Pros: Zero setup, browser-based, automatic data augmentation
Cons: Cloud-dependent, free tier limited to 3 models/month

Option 2: LabelImg (Free, self-contained)

# Install
pip install labelimg

# Run GUI
labelimg custom_dataset/images/train

# Draw boxes and save — creates .xml files
# Convert XML to YOLO format
python3 - << 'EOF'
import xml.etree.ElementTree as ET
from pathlib import Path

def xml_to_yolo(xml_file, img_width, img_height):
    tree = ET.parse(xml_file)
    root = tree.getroot()
    
    yolo_lines = []
    for obj in root.findall('object'):
        class_name = obj.find('name').text
        class_id = 0  # Change based on your classes
        
        bbox = obj.find('bndbox')
        xmin = float(bbox.find('xmin').text)
        ymin = float(bbox.find('ymin').text)
        xmax = float(bbox.find('xmax').text)
        ymax = float(bbox.find('ymax').text)
        
        cx = (xmin + xmax) / 2 / img_width
        cy = (ymin + ymax) / 2 / img_height
        w = (xmax - xmin) / img_width
        h = (ymax - ymin) / img_height
        
        yolo_lines.append(f"{class_id} {cx:.6f} {cy:.6f} {w:.6f} {h:.6f}")
    
    txt_file = str(xml_file).replace('.xml', '.txt')
    Path(txt_file).write_text('\n'.join(yolo_lines))

# Convert all XMLs
for xml in Path('custom_dataset/images/train').glob('*.xml'):
    xml_to_yolo(xml, 640, 480)
EOF

Pros: Completely offline, no account needed
Cons: Manual XML→YOLO conversion, no augmentation

Option 3: CVAT (Best for teams, self-hosted privacy)
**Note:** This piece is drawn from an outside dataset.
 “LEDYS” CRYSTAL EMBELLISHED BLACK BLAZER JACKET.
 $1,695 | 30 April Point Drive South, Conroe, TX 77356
# Docker-based self-hosted setup
docker run -d -p 8080:8080 \
  -e DJANGO_SU_NAME=admin \
  -e DJANGO_SU_EMAIL=admin@localhost \
  -e DJANGO_SU_PASSWORD=admin \
  cvat/cvat:latest

# Access at http://localhost:8080
# Create project, upload images, annotate in browser
# Export as YOLO format directly

Pros: Enterprise-grade, full control, team collaboration
Cons: Higher setup complexity, requires Docker

Recommendation:

  • 100 images, quick prototype: Roboflow (fastest)
  • 500+ images, privacy critical: CVAT self-hosted (full control)
  • Solo, zero cost: LabelImg (works offline)

Part 3: Custom Dataset Training

# Directory structure for custom training
mkdir -p custom_dataset/{images,labels}/{train,val}

# data.yaml — dataset configuration
cat > custom_dataset/data.yaml << 'EOF'
path: /home/user/custom_dataset   # Absolute path to dataset root
train: images/train
val:   images/val

nc: 3   # Number of classes
names: ["cat", "dog", "bird"]
EOF
# Create YOLO format labels from your annotations
# YOLO format: class_id cx cy w h (all normalised to [0, 1])

def convert_bbox_to_yolo(img_width: int, img_height: int,
                          x1: int, y1: int, x2: int, y2: int,
                          class_id: int) -> str:
    """Convert pixel bounding box to YOLO normalised format."""
    cx = ((x1 + x2) / 2) / img_width
    cy = ((y1 + y2) / 2) / img_height
    w = (x2 - x1) / img_width
    h = (y2 - y1) / img_height
    return f"{class_id} {cx:.6f} {cy:.6f} {w:.6f} {h:.6f}"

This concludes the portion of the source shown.